Beginning with the line of the entries below that holds "Sädesfältaren av Vincent van Gogh Poster" and ending with the line that holds "Buy 2 Magnolia", transcribe each line exactly as written. Pictures stay out.

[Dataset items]
····················
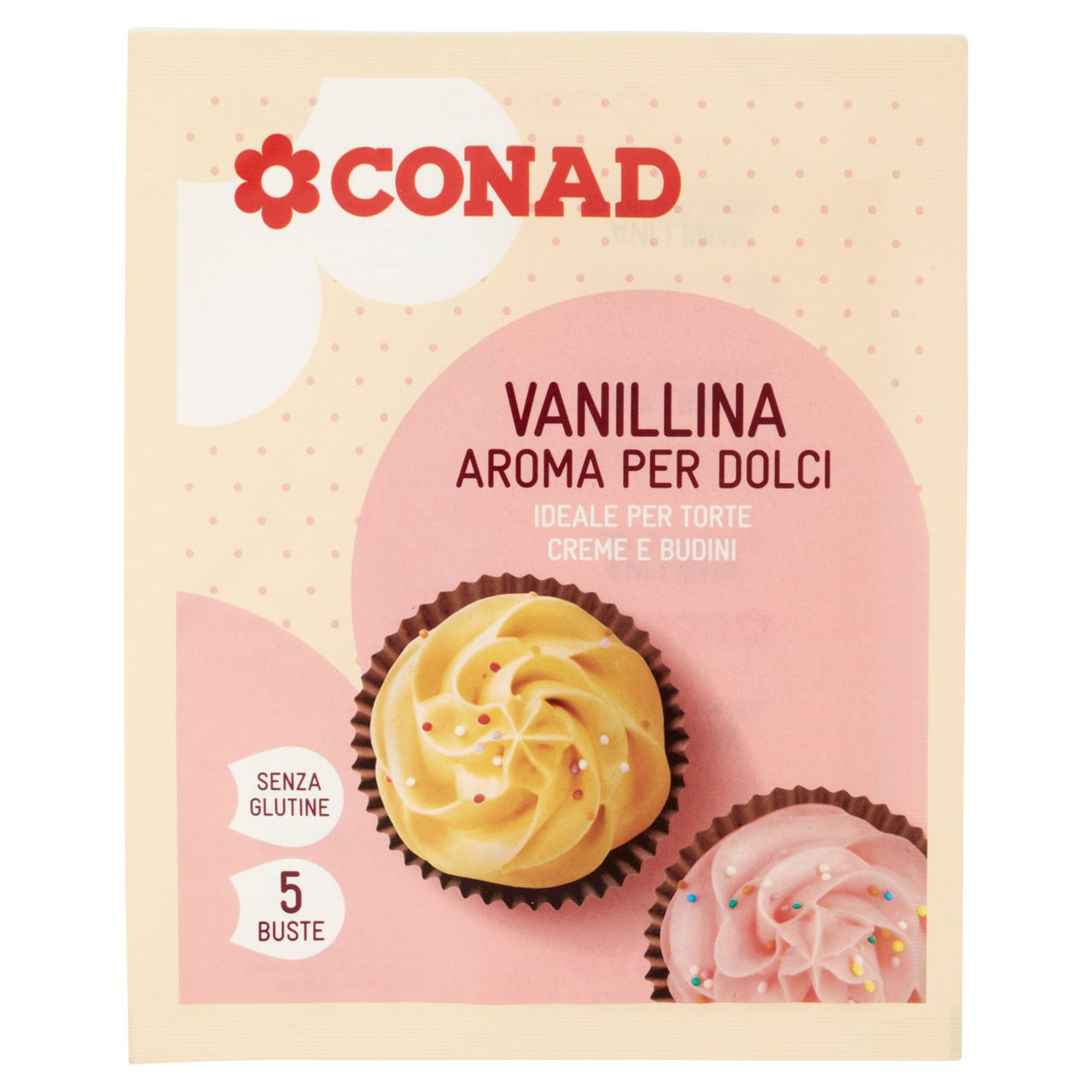 Vanillina aroma per dolci 5 x 0,4 g Conad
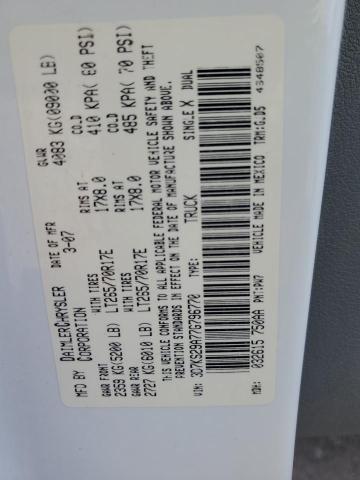 2007 Dodge Ram 2500 VIN: 3D7KS29A77G796770 Lot: 62506454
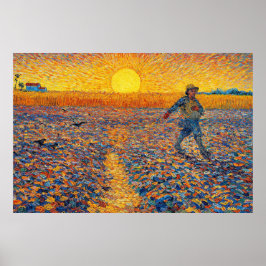 Sädesfältaren av Vincent van Gogh Poster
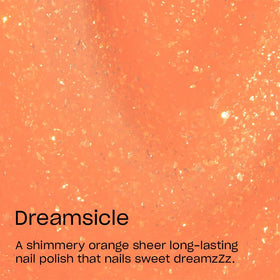 OPI Infinite Shine Nail Polish Dreamsicle bottle side view
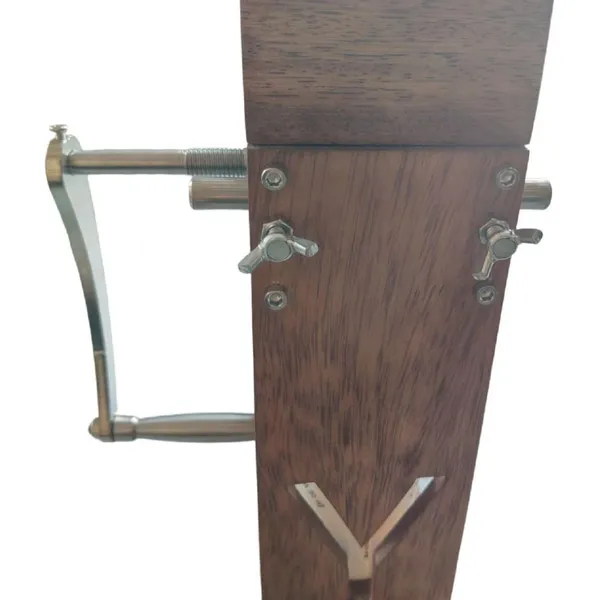 Home-use Small Wooden Funnel Malt Crusher, Mini Stainless Steel Double Roller Hand-cranked Mill photo-2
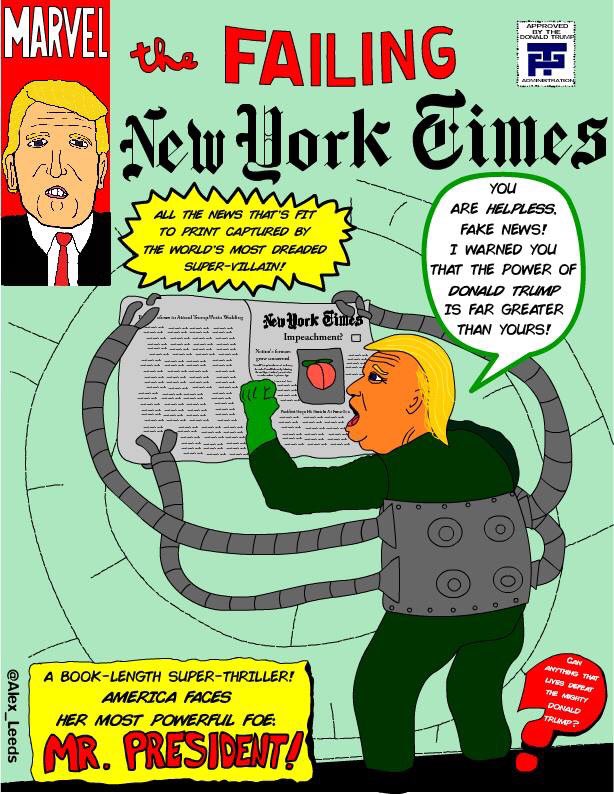 Alex_Leeds's tweet image. the media is under attack by a new menace!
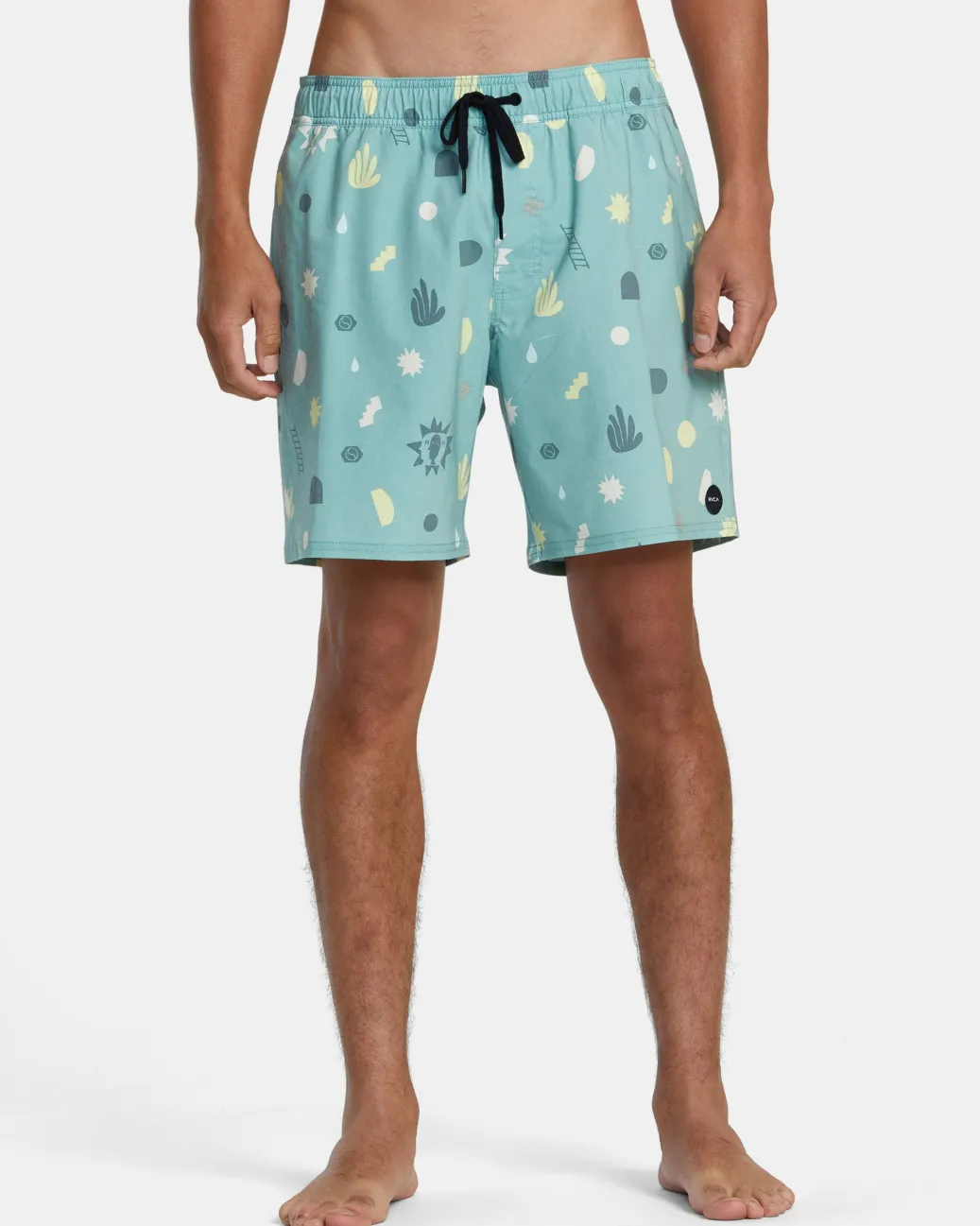 RVCA 16"-17" Outseam>ATLAS ELASTIC WAIST 17" BOARDSHORTS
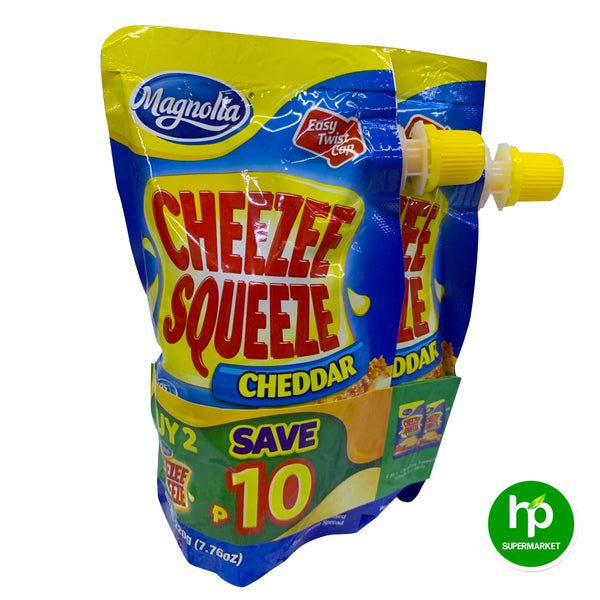 Buy 2 Magnolia Cheezee Squeeze Cheddar 220g Save P10.00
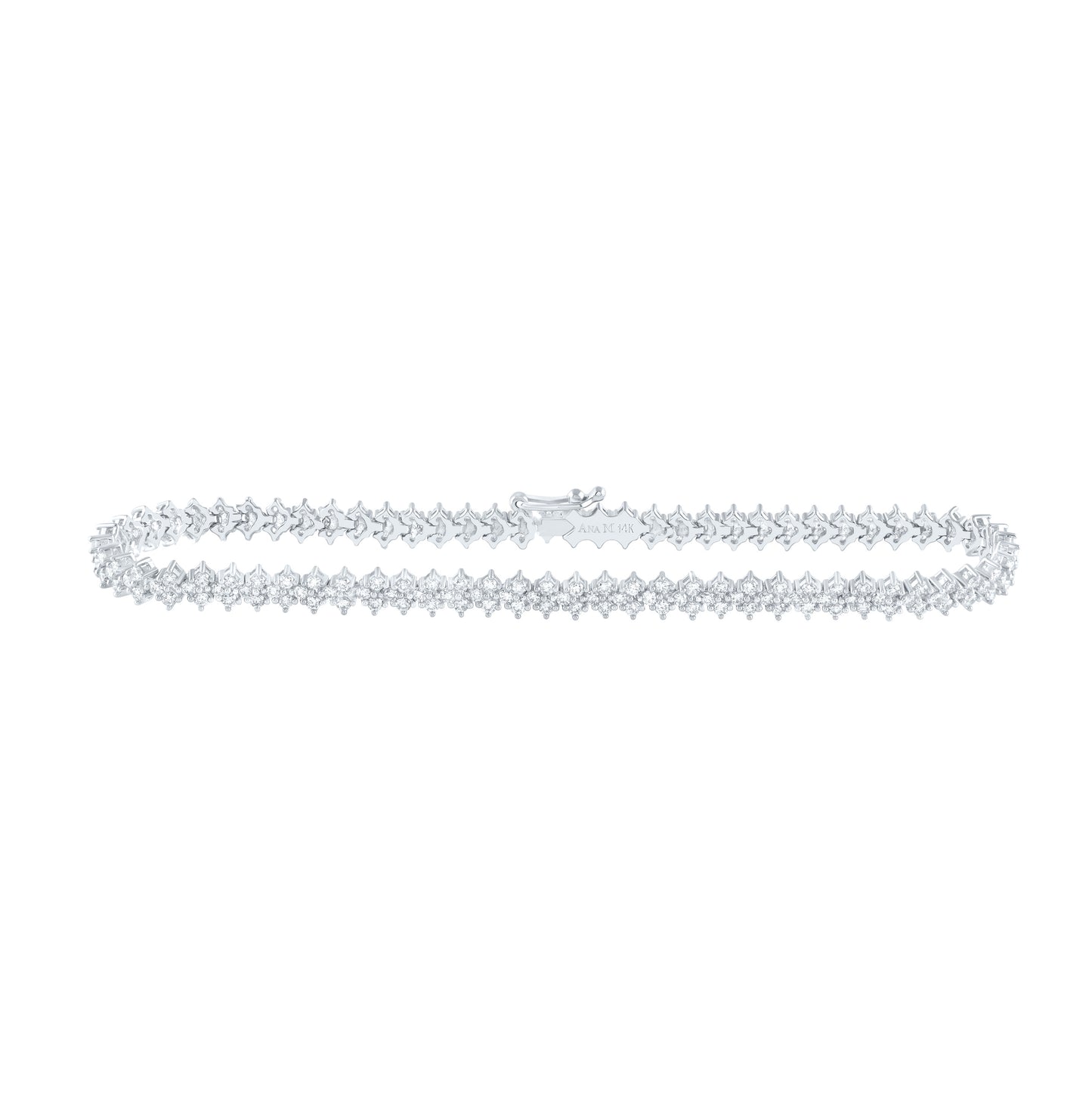 14kt White Gold 2 1/5ctw Diamond Ana M Fashion Bracelet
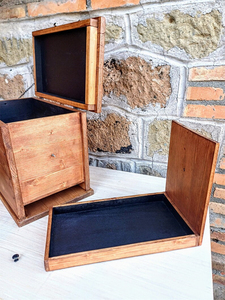 Meubles de salon rustiques boîte faite à la main avec <span class=keywords><strong>tiroir</strong></span> de rangement caché fausse boîte inférieure avec compartiment secret - Product Image 6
····················
__Response__
 Sädesfältaren av Vincent van Gogh Poster
 OPI Infinite Shine Nail Polish Dreamsicle bottle side view
 Home-use Small Wooden Funnel Malt Crusher, Mini Stainless Steel Double Roller Hand-cranked Mill photo-2
 Alex_Leeds's tweet image. the media is under attack by a new menace!
 RVCA 16"-17" Outseam>ATLAS ELASTIC WAIST 17" BOARDSHORTS
 Buy 2 Magnolia Cheezee Squeeze Cheddar 220g Save P10.00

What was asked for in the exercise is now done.